Information supplied:
--------------------

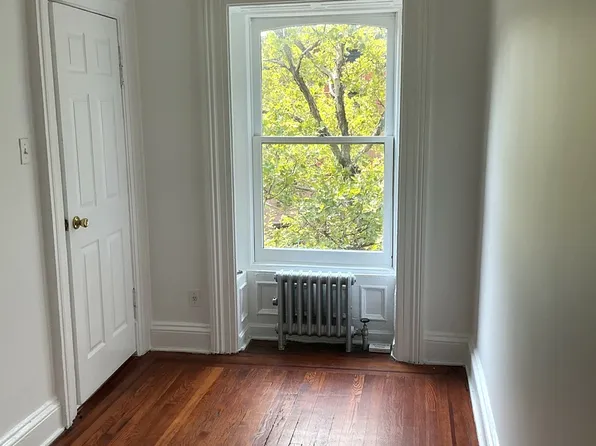 241 Carlton Avenue image 1 of 9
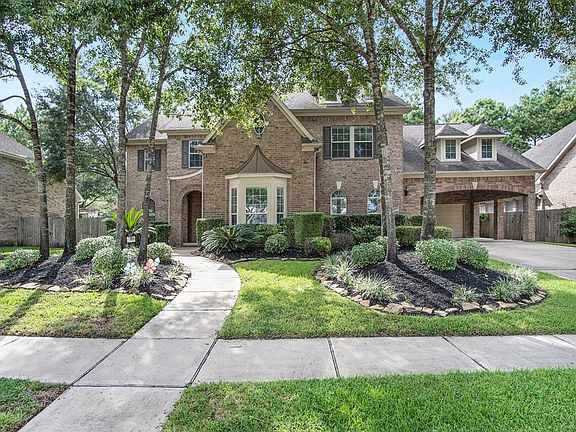 Beautiful elevation with striking curb appeal.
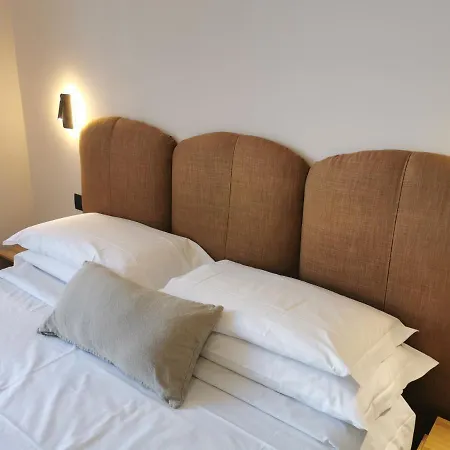 Albium Hotell 2*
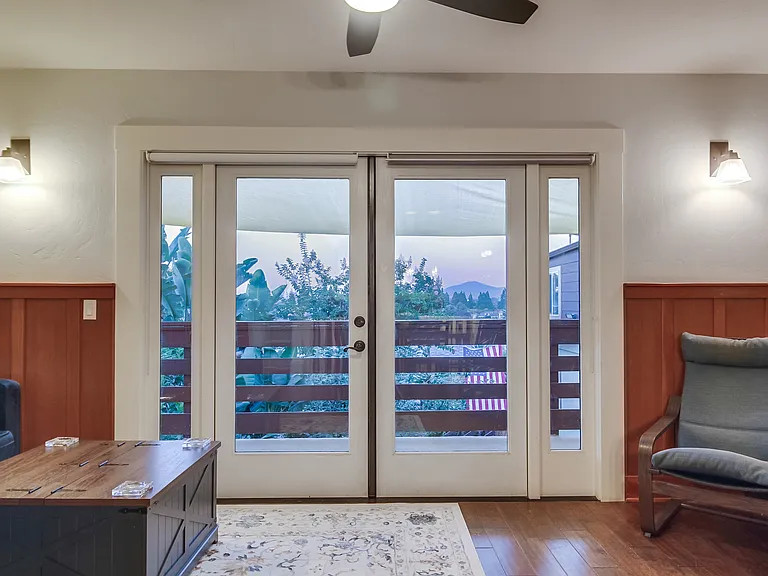 1511 Gregory St — Photo 17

--------------------

Your assignment: The lines from the one containing "Beautiful elevation with" to the final line of the material, both ends included, should be retyped exactly and alone, with no pictures.

Expected output:
 Beautiful elevation with striking curb appeal.
 Albium Hotell 2*
 1511 Gregory St — Photo 17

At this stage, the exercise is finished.